Hull Moving Average Indicator
The Hull Moving Average represents a technical indicator developed for MT4 platforms. Generates best trend-following buy–sell signals for forex day traders. Supports MTF charts
CATEGORIES: TREND, MT4, SIGNAL, LEVELS
Updated on: 17.11.2023
The Hull Moving Average (HMA) is a short-term trend signal indicator built for the MetaTrader 4 platform. This indicator is best known for emphasizing more on recent price data and producing fast trend-reversal signals.
Generally, traders who seek trend signals based on recent changes in price-action prefer to use Exponential Moving Averages (EMA). Because Simple Moving Averages (SMA) lag more than EMAs when applied for short-term trend analysis. In this regard, Hull Moving Average offers both fast and smooth trend trading signals for forex day traders.
How to use Hull Moving Average for determining forex day trading signals
The HMA works in the same manner as applying other moving averages for anticipating the current trend conditions. Since this indicator is specially developed for short-term trend detections, it may react faster with recent price changes and generate frequent signals. So, for better results, you may combine its trend signals with candlestick patterns to increase the success probability.
According to the above EURUSD chart, the market was initially choppy and the price was neither moving in a bullish or bearish direction. During this period, the price broke the HMA level several times. However, none of those signals were profitable due to an extremely short-range movement of the price.

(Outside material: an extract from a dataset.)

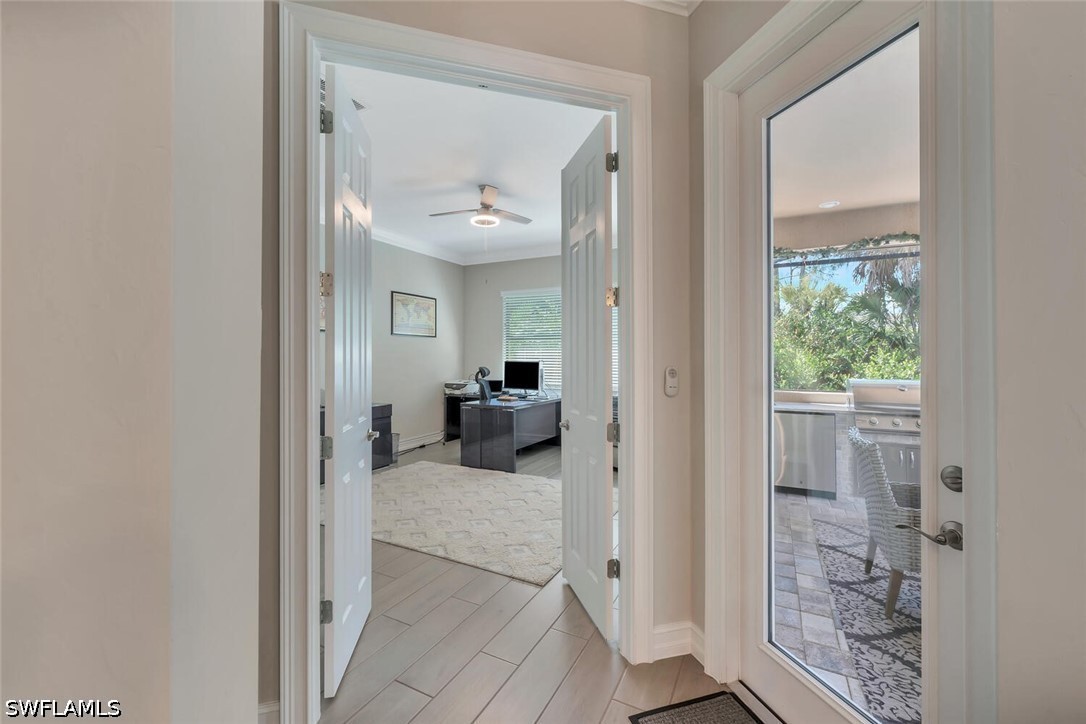 4 Bed Pool Home for Sale in Naples, photo 19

At a point, the price crossed above the Hull Moving Average line and plotted three bullish candles in a row. Each of those candles was rejecting the indicator level and treating it as a support. So, the price trend turned bullish since it moved above the indicator line. At the same time, those bullish-tailed bars were indicating a further extension of the current bullish price movement. As we can see, the price made a strong uptrend move following the rejection at the HMA support line.
For a sell confirmation, the price needs to be closed below the indicator curve confirming a bearish market trend. Next, look for a bearish candlestick pattern to make sure the price is respecting the moving average line as resistance.
Conclusion
The best part of HMA indicator is, it’s way more faster than other standard moving averages in reacting with the price-action changes. This particular quality of this indicator has ended the long-term lagging issues involved with regular moving averages. On top of that, this indicator moves quite close to the price of candles but still improves its smoothing results. However, the Hull Moving Average indicator only focuses on recent changes in the market and only tells you about the current trend condition. It doesn’t deliver future trend signals like an SMA or EMA crossover does.